Pode lá ser… Então esse pardalzinho que constrói o ninho em semicírculo quando o prende a uma parede, que o constrói num quarto de círculo quando o faz num ângulo e em um círculo num ramo de árvore – faz tudo de igual modo? O cão que ensinaste a obedecer-te durante três meses não estará a saber mais ao cabo desse período do que sabia no início das lições? O canário a quem tentas ensinar uma melodia repete-a logo no mesmo instante, ou não, levarás um certo tempo a fazer-lha decorar? E não reparaste como se engana, com frequência, e vai corrigindo depois?
É só por eu ser dotado de fala que julgas que tenho sentimentos, memória, ideias? Pois bem, não te direi nada; mas vês-me entrar em casa com um ar preocupado, aflito, andar a procurar um papel qualquer com nervosismo, abrir a secretária onde me recorda tê-lo guardado, encontrá-lo afinal, lê-lo jubilosamente. Calculas que passei de um sentimento de aflição para outro de prazer, que sou possuidor de memória e conhecimento.
Transfere agora teu raciocínio, por comparação, para aquele cão que se perdeu do dono, que o procura por todos os lados soltando latidos dolorosos, que entra em casa, agitado, inquieto, que sobe e que desce, percorre as casas, umas após outros, até que acaba, finalmente, por encontrar o dono de que tanto gosta no gabinete dele e ali lhe manifesta a sua alegria pela ternura dos latidos, em pródigas carícias.
Algumas criaturas bárbaras, agarram nesse cão, que excede o homem em sentimentos de amizade; pregam-no numa mesa, dissecam-no vivo ainda, para te mostrarem as veias mesentéricas.

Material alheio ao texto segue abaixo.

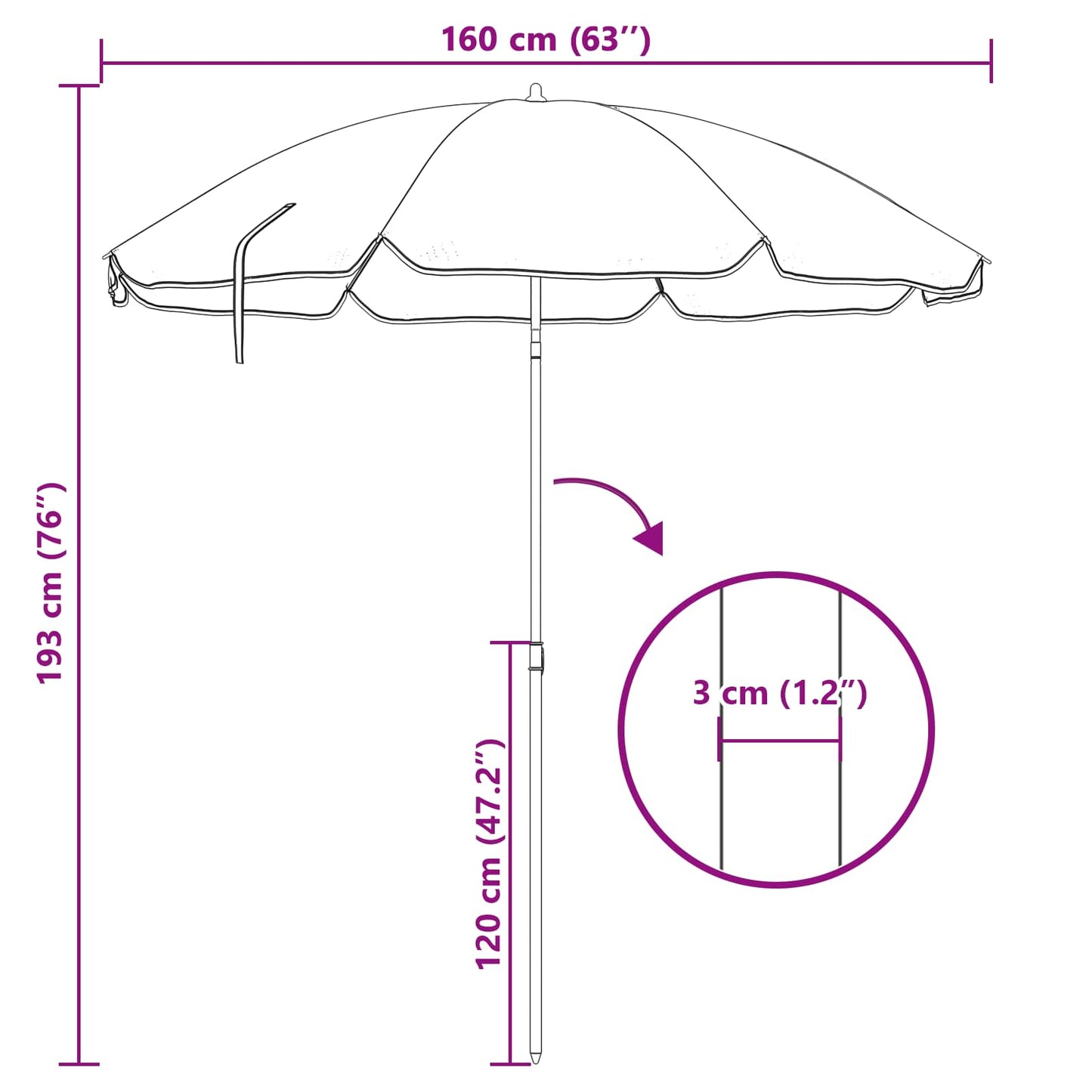 vidaXL Sonnenschirm Grün 161 x 161 x 193 cm Polyester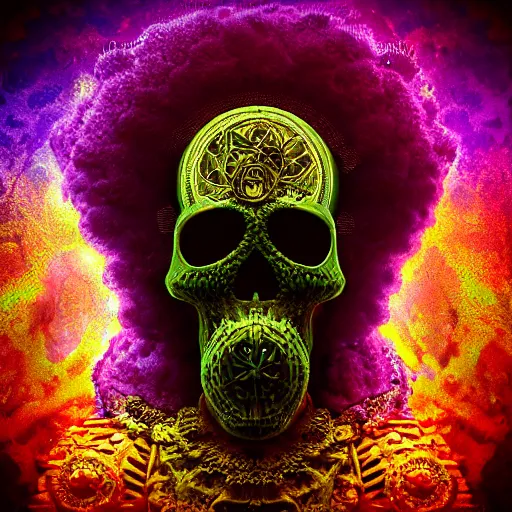 Image similar to a golden skull face african electric shaman with an afro made of flowers, third eye art art by machina infinitum, complexity from simplicity, rendered in octane, mandelbulb 3 d, ambient occlusion, macro photography, tribal, retrowave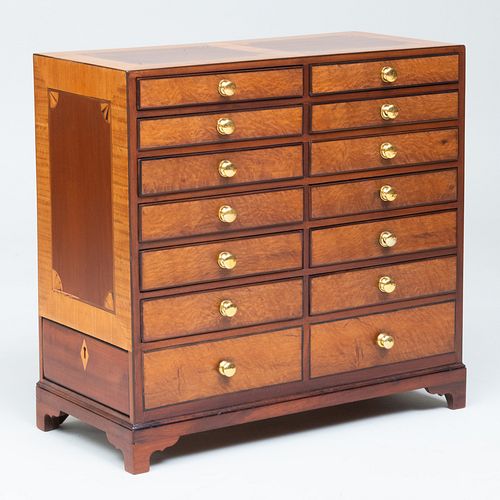 George III Style Inlaid Mahogany and Satinwood Collectors Cabinet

Encontras neles todos os órgãos das sensações que também existem em ti. Atreve-te agora a argumentar, se és capaz, que a natureza colocou todos estes instrumentos do sentimento no animal, para que ele não possa sentir? Dispõe de nervos para manter-se impassível? Que nem te ocorra tão impertinente contradição da natureza.
Mas os mestres-escola perguntam o que é e onde está a alma dos animais? Não entendo tal pergunta. Uma árvore tem a faculdade de receber nas suas fibras a seiva que nelas circula, de desabrochar os botões e criar seus frutos; e ainda me haveis de perguntar o que é a alma dessa árvore? Esta beneficiou de alguns dons, como o animal beneficiou doutros, dons do sentimento, da memória, de um certo número de ideias. Quem criou todos estes dons? Quem lhes concedeu todas essas faculdades? Aquele que faz crescer a erva nos campos e gravitar a Terra à roda do Sol.
As almas dos animais são formas substanciais, afirmou Aristóteles; e, depois de Aristóteles a escola árabe; e, depois da escola árabe, a escola angélica; e, depois da escola angélica, a Sorbonne; e, depois da Sorbonne, mais ninguém no mundo.

As almas dos animais são materiais, proclamam outros filósofos. Mas também não tem tido mais sucesso que os primeiros. Foi sempre em vão que se lhes perguntou o que é uma alma material; viram-se forçados a convir que é matéria passível de sensações: mas quem foi que lha deu? É uma alma material, isto é, trata-se de matéria que dá sensações à matéria; e não saem deste círculo vicioso.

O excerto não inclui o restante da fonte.